The Ki-67 proliferation index may serve as a surrogate marker of increased meningioma aggressiveness independent of WHO grade. Machine learning using radiomic feature analysis may be used for the preoperative prediction of meningioma Ki-67, which provides enhanced analytical insights to help improve diagnostic classification and guide patient-specific treatment strategies.
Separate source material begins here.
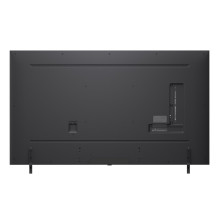 LG QNED AI 75QNED80A6A 190.5 cm (75") 4K Ultra HD Smart TV Wi-Fi Black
脑膜瘤的临床行为并不能完全被其指定的世界卫生组织(WHO)分级所捕捉,因此必须阐明其他预示肿瘤侵袭性增加和复发风险增加的因素。在这项研究中,作者使用 Ki-67 作为临床结果的预后标志物,确定了脑膜瘤的多参数 MRI 放射组学特征,与 WHO 分级无关。
对 2012 年至 2018 年间所有切除的脑膜瘤进行了回顾性分析。使用术前磁共振成像(MRI)进行高通量放射组学特征提取,随后用于开发机器学习算法,根据 Ki-67 指数<5%和≥5%对脑膜瘤进行分层,与 WHO 分级无关。基于机器学习对 Ki-67 分层的预测,评估无进展生存期(PFS),并与基于组织病理学 Ki-67 的结果进行比较。
共纳入 343 例脑膜瘤:291 例为 I 级,43 例为 II 级,9 例为 III 级。中位随访 28.5 个月时,总体复发率为 19.8%(I 级为 15.1%,II 级为 44.2%,III 级为 77.8%)。尽管肿瘤和瘤周水肿体积与脑膜瘤的 WHO 分级无关,但 II 级和 III 级肿瘤的 Ki-67 指数高于 I 级肿瘤。确定了 46 种表现良好的放射组学特征(1 种形态学、7 种基于强度和 38 种纹理),并使用支持向量机模型根据 Ki-67 截断值 5%对肿瘤进行分层,在发现(n=257)和验证(n=86)数据集上,曲线下面积分别为 0.83(95%置信区间 0.78-0.89)和 0.84(95%置信区间 0.75-0.94)。组织病理学 Ki-67 与机器学习预测的 Ki-67 比较显示出优异的性能(总体准确率>80%),其中 I 级脑膜瘤的分类准确率最高。机器学习分类器预测 Ki-67 指数≥5%的脑膜瘤比 Ki-67<5%的肿瘤具有更短的 PFS(p<0.0001,对数秩检验),这与使用组织病理学 Ki-67 观察到的不同患者结局相符。
Ki-67 增殖指数可作为脑膜瘤侵袭性增加的替代标志物,与 WHO 分级无关。放射组学特征分析的机器学习可用于脑膜瘤 Ki-67 的术前预测,这为帮助改善诊断分类和指导患者特异性治疗策略提供了增强的分析见解。